In summary, the correlation function could be a good entanglement quantifier for pure bipartite states if we consider optimal observables $O_A,O_B$. If we not consider the optimal ones, we can be tricky and find observables without correlation for a given entangled state.
Best Answer
First, the definition of entanglement.
Let $\mathcal{H} \cong \mathcal{H}_1 \otimes \mathcal{H}_2$ be your composite Hilbert space (of two particles). A state $\lvert \psi \rangle \in \mathcal{H}$ is entangled precisely when $\lvert \psi \rangle \neq \lvert \phi \rangle_1 \otimes \lvert \varphi \rangle_2$ for $\lvert \phi \rangle_1 \in \mathcal{H}_1$ and $\lvert \varphi \rangle_2 \in \mathcal{H}_2$.
It is important to note that this definition of being entangled is utterly independent of the chosen basis for you Hilbert space. Rather, whether two systems are entangled depends on the tensor product factorization of the composite Hilbert space.
This seems fine if you are looking to translate the mathematical definition above into words. Though, I think it would be more precise to say "A and B are entangled if the measurement outcomes of A are quantum correlated with the measurement outcomes of B". Where quantum correlation is (tautologically) defined as the correlations allowed in the theory of quantum mechanics.

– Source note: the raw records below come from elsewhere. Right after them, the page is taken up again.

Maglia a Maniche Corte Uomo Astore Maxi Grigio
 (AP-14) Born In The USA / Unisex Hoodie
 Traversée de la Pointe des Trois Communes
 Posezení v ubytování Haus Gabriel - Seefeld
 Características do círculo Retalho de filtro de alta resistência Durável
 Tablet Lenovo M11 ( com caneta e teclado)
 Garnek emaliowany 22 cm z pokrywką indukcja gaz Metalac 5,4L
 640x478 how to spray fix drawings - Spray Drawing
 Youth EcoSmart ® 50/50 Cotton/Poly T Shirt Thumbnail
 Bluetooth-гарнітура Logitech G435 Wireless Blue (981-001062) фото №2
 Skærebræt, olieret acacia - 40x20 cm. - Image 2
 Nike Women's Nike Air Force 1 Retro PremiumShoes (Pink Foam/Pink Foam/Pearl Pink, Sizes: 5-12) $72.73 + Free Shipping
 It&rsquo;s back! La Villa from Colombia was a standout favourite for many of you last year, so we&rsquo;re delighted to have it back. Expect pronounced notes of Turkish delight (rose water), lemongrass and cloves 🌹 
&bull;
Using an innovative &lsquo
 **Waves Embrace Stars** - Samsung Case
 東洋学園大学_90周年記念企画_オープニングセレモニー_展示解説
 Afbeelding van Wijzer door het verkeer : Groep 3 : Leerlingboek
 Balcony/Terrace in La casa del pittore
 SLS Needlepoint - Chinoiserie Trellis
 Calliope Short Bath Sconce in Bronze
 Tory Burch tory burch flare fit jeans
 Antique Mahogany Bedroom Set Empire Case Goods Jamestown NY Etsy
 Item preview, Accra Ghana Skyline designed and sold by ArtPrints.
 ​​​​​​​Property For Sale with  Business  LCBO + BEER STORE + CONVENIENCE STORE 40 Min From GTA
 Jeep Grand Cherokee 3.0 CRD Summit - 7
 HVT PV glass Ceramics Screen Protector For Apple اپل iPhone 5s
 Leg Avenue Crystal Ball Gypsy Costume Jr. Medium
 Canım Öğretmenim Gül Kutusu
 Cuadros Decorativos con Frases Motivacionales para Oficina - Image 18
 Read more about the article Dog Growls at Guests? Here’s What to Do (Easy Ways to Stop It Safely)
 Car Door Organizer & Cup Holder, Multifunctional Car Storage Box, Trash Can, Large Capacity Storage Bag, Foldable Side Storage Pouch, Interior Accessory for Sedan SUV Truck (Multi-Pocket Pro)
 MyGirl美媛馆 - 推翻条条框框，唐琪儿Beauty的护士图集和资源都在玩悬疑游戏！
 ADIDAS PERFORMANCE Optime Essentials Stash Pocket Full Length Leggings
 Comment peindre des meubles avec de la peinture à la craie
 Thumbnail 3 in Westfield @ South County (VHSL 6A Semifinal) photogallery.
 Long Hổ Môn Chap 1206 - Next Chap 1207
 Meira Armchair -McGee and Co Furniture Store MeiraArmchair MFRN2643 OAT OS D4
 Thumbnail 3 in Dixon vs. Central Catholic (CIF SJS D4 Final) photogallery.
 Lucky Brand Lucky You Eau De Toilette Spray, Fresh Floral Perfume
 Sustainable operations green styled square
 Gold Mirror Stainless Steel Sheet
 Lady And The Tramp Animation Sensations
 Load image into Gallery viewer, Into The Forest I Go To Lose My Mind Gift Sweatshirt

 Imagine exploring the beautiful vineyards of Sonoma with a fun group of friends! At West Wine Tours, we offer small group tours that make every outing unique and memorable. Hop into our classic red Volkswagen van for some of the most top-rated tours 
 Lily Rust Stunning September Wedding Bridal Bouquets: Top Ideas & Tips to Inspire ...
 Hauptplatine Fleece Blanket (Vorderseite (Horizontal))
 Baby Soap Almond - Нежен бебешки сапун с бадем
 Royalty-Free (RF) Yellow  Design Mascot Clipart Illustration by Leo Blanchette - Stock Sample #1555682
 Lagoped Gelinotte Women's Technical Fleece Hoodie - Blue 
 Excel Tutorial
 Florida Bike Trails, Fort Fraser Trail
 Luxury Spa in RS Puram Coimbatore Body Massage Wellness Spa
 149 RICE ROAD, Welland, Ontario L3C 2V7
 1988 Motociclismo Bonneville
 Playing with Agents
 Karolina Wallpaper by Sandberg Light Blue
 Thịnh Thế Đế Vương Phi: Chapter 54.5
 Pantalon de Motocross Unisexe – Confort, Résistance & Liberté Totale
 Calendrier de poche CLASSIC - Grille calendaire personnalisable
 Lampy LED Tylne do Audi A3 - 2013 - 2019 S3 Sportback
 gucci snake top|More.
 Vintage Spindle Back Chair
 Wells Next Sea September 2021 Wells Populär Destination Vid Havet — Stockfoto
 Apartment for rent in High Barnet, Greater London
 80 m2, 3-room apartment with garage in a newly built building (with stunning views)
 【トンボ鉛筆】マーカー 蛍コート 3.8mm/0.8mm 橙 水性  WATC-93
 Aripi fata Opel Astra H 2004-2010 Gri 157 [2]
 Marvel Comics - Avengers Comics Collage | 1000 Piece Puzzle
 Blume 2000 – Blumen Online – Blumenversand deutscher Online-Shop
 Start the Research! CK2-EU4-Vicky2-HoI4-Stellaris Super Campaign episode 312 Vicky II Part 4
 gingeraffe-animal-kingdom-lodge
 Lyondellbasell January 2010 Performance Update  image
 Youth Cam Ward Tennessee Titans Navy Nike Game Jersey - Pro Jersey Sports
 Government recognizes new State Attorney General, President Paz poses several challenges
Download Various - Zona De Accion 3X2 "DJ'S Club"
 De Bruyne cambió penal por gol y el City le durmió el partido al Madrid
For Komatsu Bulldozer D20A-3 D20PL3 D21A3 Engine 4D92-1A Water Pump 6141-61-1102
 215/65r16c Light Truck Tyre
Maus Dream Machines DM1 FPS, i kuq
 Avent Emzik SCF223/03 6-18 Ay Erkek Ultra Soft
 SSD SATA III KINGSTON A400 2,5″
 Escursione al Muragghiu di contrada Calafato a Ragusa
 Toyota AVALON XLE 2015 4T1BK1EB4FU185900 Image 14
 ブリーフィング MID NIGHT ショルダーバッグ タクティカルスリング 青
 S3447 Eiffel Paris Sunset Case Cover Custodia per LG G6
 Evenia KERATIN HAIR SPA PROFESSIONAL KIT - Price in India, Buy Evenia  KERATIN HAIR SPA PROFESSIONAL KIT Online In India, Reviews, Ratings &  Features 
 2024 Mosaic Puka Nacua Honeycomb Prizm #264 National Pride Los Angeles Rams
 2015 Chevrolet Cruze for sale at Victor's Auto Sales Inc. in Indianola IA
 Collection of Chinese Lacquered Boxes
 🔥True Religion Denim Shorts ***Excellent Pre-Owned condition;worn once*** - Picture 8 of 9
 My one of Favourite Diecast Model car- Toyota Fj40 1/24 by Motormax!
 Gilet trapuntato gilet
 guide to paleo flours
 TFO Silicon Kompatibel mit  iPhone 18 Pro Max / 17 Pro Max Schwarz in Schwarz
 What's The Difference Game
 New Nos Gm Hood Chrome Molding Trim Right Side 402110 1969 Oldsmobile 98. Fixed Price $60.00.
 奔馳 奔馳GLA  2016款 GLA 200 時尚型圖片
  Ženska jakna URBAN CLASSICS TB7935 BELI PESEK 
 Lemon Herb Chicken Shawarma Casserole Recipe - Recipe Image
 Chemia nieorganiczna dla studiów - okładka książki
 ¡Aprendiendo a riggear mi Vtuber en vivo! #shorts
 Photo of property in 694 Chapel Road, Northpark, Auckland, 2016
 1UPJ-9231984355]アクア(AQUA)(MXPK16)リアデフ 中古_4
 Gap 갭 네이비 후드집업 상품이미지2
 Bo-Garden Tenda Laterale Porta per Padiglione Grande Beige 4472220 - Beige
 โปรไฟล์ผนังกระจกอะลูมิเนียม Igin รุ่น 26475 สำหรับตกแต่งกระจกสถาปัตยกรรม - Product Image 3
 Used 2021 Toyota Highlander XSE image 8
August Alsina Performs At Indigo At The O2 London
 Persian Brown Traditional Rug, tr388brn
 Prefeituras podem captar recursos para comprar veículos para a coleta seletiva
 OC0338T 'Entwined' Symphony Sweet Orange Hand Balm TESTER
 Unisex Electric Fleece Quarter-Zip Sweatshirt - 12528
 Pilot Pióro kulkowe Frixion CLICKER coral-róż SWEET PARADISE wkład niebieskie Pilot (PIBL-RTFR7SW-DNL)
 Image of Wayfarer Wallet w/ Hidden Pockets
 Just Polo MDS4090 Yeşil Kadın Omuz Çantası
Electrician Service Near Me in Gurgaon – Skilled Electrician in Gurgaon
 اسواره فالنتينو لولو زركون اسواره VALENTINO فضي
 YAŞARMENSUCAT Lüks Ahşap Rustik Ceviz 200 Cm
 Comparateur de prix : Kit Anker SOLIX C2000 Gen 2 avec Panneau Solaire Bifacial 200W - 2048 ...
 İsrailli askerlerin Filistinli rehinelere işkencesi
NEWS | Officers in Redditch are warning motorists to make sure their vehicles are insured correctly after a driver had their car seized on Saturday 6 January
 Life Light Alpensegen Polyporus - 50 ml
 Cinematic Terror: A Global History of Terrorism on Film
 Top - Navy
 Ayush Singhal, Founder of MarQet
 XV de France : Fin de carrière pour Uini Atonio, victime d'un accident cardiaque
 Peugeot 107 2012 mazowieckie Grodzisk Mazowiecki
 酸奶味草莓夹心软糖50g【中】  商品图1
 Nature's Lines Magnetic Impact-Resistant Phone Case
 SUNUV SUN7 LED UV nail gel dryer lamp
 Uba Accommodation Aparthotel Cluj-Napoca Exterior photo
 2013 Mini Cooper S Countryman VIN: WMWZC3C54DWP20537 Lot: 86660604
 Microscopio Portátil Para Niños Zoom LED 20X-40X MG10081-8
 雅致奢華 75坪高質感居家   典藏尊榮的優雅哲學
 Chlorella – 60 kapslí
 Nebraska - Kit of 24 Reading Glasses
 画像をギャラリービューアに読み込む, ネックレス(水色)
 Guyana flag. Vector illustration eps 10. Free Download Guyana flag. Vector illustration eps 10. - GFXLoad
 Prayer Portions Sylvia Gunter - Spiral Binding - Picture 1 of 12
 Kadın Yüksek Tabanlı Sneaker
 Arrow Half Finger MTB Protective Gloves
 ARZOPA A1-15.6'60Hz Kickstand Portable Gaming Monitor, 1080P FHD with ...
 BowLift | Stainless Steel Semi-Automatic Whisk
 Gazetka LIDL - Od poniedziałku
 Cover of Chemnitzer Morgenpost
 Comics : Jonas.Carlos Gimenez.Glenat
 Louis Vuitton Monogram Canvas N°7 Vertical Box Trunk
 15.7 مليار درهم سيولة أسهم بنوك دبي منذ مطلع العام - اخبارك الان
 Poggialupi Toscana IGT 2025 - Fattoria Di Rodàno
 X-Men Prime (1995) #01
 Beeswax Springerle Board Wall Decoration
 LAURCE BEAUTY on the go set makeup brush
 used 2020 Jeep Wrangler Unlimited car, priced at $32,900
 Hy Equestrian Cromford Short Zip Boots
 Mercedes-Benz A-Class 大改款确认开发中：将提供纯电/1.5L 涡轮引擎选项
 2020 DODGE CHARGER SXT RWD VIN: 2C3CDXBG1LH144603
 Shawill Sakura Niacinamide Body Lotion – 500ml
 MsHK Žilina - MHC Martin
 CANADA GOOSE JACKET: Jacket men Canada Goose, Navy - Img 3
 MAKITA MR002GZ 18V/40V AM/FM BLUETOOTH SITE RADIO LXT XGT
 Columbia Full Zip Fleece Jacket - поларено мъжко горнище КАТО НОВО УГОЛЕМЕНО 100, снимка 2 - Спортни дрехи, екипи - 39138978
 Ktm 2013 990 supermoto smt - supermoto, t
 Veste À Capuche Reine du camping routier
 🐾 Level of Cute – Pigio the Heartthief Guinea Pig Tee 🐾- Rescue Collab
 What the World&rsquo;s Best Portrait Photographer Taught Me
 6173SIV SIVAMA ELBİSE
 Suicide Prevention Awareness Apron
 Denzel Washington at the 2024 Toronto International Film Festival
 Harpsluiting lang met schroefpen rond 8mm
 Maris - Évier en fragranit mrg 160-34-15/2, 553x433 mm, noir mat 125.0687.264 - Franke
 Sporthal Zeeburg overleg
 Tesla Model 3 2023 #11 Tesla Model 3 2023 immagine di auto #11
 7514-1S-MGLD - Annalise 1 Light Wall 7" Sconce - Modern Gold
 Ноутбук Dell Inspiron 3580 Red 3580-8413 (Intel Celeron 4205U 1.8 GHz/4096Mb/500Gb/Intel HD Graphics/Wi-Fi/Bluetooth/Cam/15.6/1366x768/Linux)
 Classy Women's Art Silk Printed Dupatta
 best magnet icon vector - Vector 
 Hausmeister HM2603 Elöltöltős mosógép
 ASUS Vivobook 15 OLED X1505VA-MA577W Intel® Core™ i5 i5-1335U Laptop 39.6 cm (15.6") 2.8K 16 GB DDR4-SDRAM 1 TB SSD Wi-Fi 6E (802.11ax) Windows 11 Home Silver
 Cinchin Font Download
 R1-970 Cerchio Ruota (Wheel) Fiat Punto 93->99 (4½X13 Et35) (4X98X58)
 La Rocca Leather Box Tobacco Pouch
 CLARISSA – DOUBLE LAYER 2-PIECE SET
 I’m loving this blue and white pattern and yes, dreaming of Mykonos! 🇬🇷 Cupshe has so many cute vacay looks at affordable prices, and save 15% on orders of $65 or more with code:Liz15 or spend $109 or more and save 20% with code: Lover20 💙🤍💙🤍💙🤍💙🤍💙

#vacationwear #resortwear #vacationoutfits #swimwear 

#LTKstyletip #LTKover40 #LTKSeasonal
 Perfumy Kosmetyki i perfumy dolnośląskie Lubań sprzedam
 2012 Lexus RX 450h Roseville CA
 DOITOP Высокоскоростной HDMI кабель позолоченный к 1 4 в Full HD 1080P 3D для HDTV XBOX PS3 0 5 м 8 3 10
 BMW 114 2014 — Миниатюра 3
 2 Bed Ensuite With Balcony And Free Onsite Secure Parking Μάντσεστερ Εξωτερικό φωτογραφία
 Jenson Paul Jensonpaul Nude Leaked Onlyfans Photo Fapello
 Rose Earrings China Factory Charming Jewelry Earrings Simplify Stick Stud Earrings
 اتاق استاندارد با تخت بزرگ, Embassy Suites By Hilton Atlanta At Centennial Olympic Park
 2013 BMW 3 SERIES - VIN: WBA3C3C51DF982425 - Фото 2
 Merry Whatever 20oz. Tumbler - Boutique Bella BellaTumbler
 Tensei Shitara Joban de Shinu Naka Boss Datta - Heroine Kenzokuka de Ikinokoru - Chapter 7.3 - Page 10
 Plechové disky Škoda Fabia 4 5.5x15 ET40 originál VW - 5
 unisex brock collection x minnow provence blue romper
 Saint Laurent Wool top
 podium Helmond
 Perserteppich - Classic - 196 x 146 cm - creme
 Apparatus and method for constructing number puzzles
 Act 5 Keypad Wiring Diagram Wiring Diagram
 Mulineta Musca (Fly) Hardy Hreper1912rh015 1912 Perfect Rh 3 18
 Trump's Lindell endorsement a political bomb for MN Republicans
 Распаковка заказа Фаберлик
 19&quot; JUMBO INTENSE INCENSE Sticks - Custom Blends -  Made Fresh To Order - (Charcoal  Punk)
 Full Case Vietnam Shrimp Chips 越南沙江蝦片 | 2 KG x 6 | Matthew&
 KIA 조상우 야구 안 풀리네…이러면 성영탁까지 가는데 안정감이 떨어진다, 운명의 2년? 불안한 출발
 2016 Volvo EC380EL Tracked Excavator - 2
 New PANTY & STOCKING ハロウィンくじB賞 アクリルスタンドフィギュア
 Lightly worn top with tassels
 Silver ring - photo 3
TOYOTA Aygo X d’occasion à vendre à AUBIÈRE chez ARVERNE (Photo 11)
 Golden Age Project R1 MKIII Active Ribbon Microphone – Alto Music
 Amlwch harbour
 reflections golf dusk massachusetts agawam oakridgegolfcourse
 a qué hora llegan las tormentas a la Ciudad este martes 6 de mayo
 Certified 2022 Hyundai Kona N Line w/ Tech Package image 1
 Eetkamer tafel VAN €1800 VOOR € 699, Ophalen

However, all this discussion has been about whether a bipartite state has the quality of being entangled or not. Nothing about quantitatively how entangled two systems represented by a state are. A common (I think) measure for how much a pure state is entangled is given by the von Neumann entropy (also called entanglement entropy, but entanglement entropy broadly refers to the measure being used to quantify entanglement). Let $\rho$ be a density matrix representing a pure state of a two particle system. Then, $\rho_A = \text{Tr}_B(\rho)$ is the reduced density matrix for system A. Then, the von Neumann entropy for $\rho_A$ is
$$S(\rho_A) = -\text{Tr}_A(\rho_A\log_2\rho_A)$$
which gives somewhat of a measure of how entangled the two systems represented by the state $\rho$ are. For why, cf. slide 8 and 9 here.
I think this von Neumann entropy measure of entanglement is what Schlosshauer has in mind (cf. section 2.4.3 in the Decoherence text you're working through). The von Neumann entropy is basis independent as can be verified. Hence, this measurement of how entangled two systems represented by a state are is basis independent.